Barriers to cooperation
What are the barriers to development organizations and energy companies working together? One barrier is a lack of understanding of the new breed of energy entrepreneurs. There is a tendency on the part of some development agencies to see them as traditional businesspeople, motivated solely by profitability, with little interest in reaching into remote rural areas that are hard to reach where margins will be low. Once development organizations realize that these energy entrepreneurs are as driven by the desire to improve the lives of rural communities as they are, but see commercial viability as the only route to achieving scale and sustainability, some barriers could come down and fruitful partnerships start to develop.

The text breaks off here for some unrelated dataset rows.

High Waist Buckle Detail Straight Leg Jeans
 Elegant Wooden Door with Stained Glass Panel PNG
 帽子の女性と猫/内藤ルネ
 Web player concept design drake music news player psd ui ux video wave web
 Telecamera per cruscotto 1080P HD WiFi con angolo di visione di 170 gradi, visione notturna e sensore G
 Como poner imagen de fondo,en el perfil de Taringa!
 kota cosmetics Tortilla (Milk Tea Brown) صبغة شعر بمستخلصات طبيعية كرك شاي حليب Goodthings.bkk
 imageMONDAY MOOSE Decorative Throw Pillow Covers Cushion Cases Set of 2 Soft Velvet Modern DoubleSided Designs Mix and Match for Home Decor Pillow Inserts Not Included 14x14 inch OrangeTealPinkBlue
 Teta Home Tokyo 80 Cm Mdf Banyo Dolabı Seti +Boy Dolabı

Lack of awareness could also be a barrier to new funders coming into the energy space. Mandeep Singh of d.light feels that ‘philanthropic funders tend to focus on education and empowerment and don’t see the links these have with energy’. Arpana Udupa of Greenpeace India feels that helping funders interested in working in Bihar understand how energy is integral to their work will be a useful task for the Bihar Renewable Energy Development Support Network. This could happen through the NGOs approaching their own funders – for example health NGOs that can’t operate primary healthcare centres because of lack of electricity.
Doing it on their own
Health and education benefits can also come from energy companies acting themselves, apart from any tie-up with NGOs or other development organizations. Simon Desjardins suggests some ways in which this might happen (see The vision: energy as catalyst), for example by uploading education videos on to mobile phones. And, as Gyanesh Pandey explains (see interview), introducing telemedicine centres on the back of Husk Power electricity provision is his next project.
Intrinsic benefits of light
This article has looked at the extent to which access to energy brings other development benefits. I’d like to end by emphasizing the value of light per se.
‘Whether a dollar invested in reducing child mortality or in providing light has more impact is something we debate within Acumen,’ says Karthik Chandrasekar. ‘But to me light is a basic service that needs to happen irrespective, for people to be able to build on their quality of life. Everyone in the developed world takes these basic services for granted. I think these are basically the minimum core services that everybody has the right to.’ (Pictured is a village meeting in the evening, made possible by Husk Power electricity.)
As I have written elsewhere, when I went around villages with Husk Power and Greenlight Planet and asked people why they liked having light and electricity, some of them made very clear, in the friendliest possible way, that this was a silly question, which they would not grace with an answer!